What do I have to do Philipp?

Aug 07 '15 13:08 marcoippolito

Hmm, solving this problem seems to be more complicated than I had hoped. If you want to have a look yourself, the code to read binary files is located in the function readBinary in model.js. This code was generously contributed by @oskarflordal and is not written by myself. One of the errors @marcoippolito ran into was caused by the fact that as of node version v0.12, typed arrays do not possess a slice method anymore.

And somehow in the GoogleNews data set all words are missing their first characters when extracted from the binary data, the likely cause for the TypeError: Cannot read property 'length' of undefined error.

After having run a bunch of tests, it seems that right now the code does not correctly read in the vector values from the binary data, either. Oskar, if you find the time, could you have a look?

I need to look into this when I have more time. I fear this won't be resolved in a short amount of time, unfortunately.

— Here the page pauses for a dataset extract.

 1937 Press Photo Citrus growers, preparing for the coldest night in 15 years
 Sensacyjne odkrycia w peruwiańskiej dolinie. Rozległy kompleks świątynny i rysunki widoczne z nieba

Aug 09 '15 21:08 Planeshifter

Just published a new version of the package to npm with some changes in the readBinary function. Could you try installing it as usual via npm install word2vec and then loading the GoogleNews corpus again? My Laptop does not handle the large file size of 3.5GB, so I cannot check whether the problem is solved. Thanks!

Aug 10 '15 08:08 Planeshifter

git clone https://github.com/Planeshifter/node-word2vec.git Cloning into 'node-word2vec'... remote: Counting objects: 349, done. remote: Compressing objects: 100% (23/23), done. remote: Total 349 (delta 9), reused 0 (delta 0), pack-reused 325 Ricezione degli oggetti: 100% (349/349), 294.95 KiB | 0 bytes/s, done. Risoluzione dei delta: 100% (181/181), done. Checking connectivity... fatto.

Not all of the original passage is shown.